One candidate antigen of immunotherapies for multiple myeloma is B-cell maturation antigen (BCMA) also referred as CD269 (SwissProt/Uniprot reference Q02223). This antigen is encoded by the gene TNFRSF17. BCMA RNA was detected universally in multiple myeloma cells, and BCMA protein was detected on the surface of plasma cells from patients with multiple myeloma by several investigators (Novak A. J. et al., 2004). BCMA is a member of the TNF receptor superfamily. BCMA binds B-cell activating factor (BAFF) and a proliferation-inducing ligand (APRIL). Among nonmalignant cells, BCMA has been reported to be expressed mostly by plasma cells and subsets of mature B cells, but not by T cells and NK cells. It thus represents an appropriate target antigen for treating multiple myeloma, especially using CAR-expressing T cells.

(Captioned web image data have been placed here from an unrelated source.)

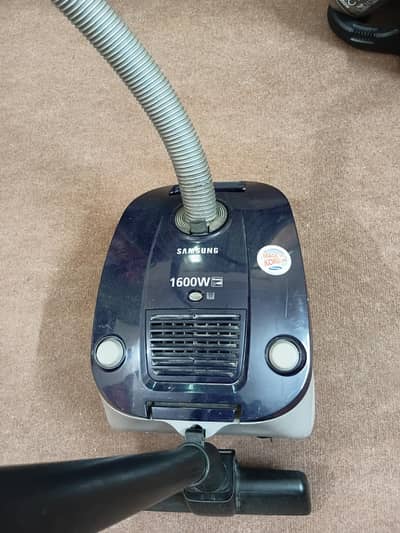 samsung vacuum cleaner 1600w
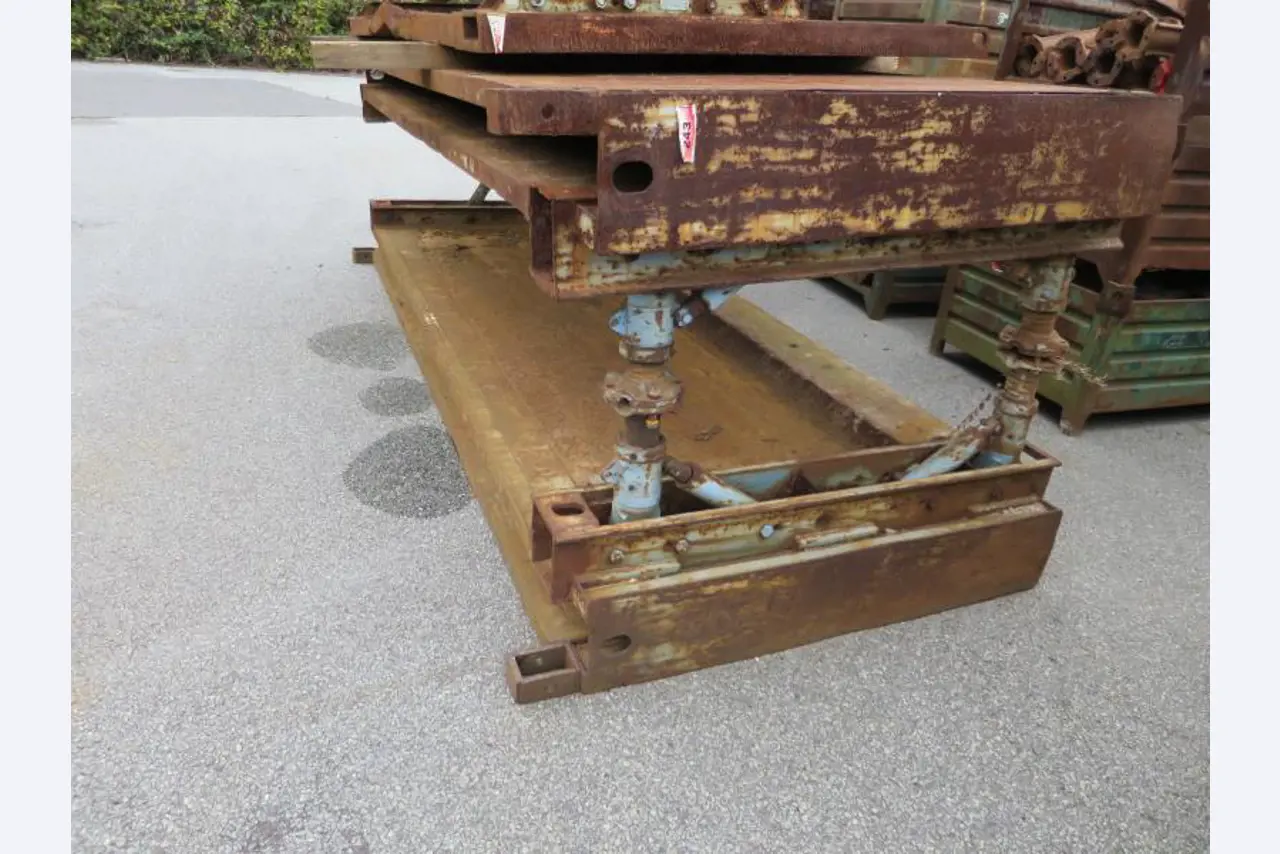 goed onderhouden bouwmachines en -apparatuur <br> evenals tunneltechnieken-1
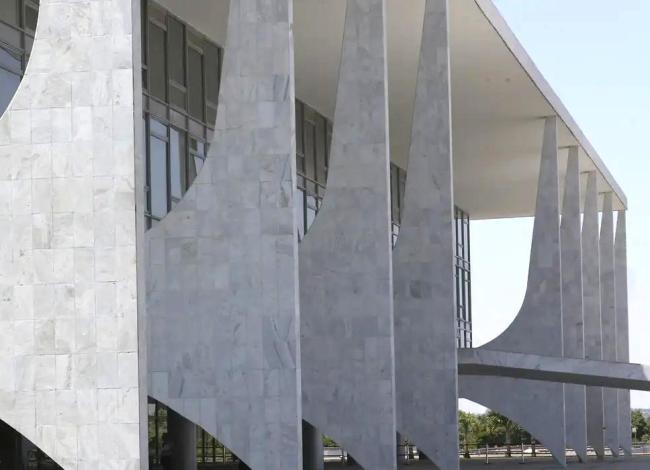 Governo abre processo de reciprocidade contra tarifas dos EUA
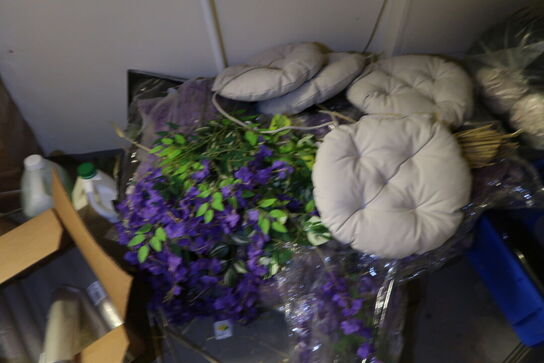 Div. Engangsservice, vinglas, affaldsække, puder m.m.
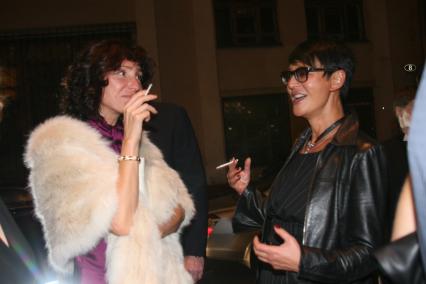 Театр Et Cetera. Церемонии вручения премии журнала GQ ЧЕЛОВЕК ГОДА. 2010. На снимке: политик Ирина Хакамада (справа)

As an alternative to the previous strategies, WO 2013/154760 proposed a BCMA CAR derived from C11 D5.3 and from C12A3.2.
As improved strategies, the present invention provides with BCMA specific CARs, which can be expressed in immune cells to target BCMA malignant cells with significant clinical advantage. In particular, the present invention provides a BCMA specific CAR, which can be expressed at the surface of immune cells, binds to BCMA and exhibit an activity towards BCMA expressing cells, in particular against BCMA expressing cancer cells, preferably said activity is a cytolytic activity against target BCMA expressing cancer cells and more preferably a cytolytic activity against target BCMA expressing cancer cells and a moderate (50% decrease) to low (70% or more decrease) expression of cytokine
There is a need to provide BCMA CARs T cells well tolerated by hosts and having the capacity to survive in the presence of drugs and target selectively BCMA expressing cells, in particular in the presence of drugs used to treat cancer, in particular cytotoxic chemotherapy agents affecting cell survival (anti-cancer chemotherapy).
Several cytotoxic agents such as anti-metabolites, alkylating agents, anthracyclines, DNA methyltransferase inhibitors, platinum compounds and spindle poisons have been developed to kill cancer cells, in particular cancer cells expressing BCMA.
These chemotherapy agents can be detrimental to the establishment of robust anti-tumor immunocompetent cells due to their non-specific toxicity. Small molecule-based therapies targeting cell proliferation pathways may also hamper the establishment of anti-tumor immunity.
Thus, there is also a need of developing well tolerated T cells targeting BCMA that would be specific and compatible with the use of drugs, in particular of anti-cancer chemotherapies, such as those affecting cell proliferation.
Thus, to use “off-the-shelf” allogeneic therapeutic cells in conjunction with chemotherapy, the inventors develop a method of engineering BCMA expressing CAR T cells that are less allogeneic, in particular cells that are less allogenic and resistant to chemotherapeutic agents and can be optionally destroyed thanks to a suicide gene.
The therapeutic benefits afforded by this strategy should be enhanced by the synergistic effects between chemotherapy and immunotherapy. Moreover, drug resistance can also benefit from the ability to selectively expand the engineered T-cell thereby avoiding the problems due to inefficient gene transfer to these cells.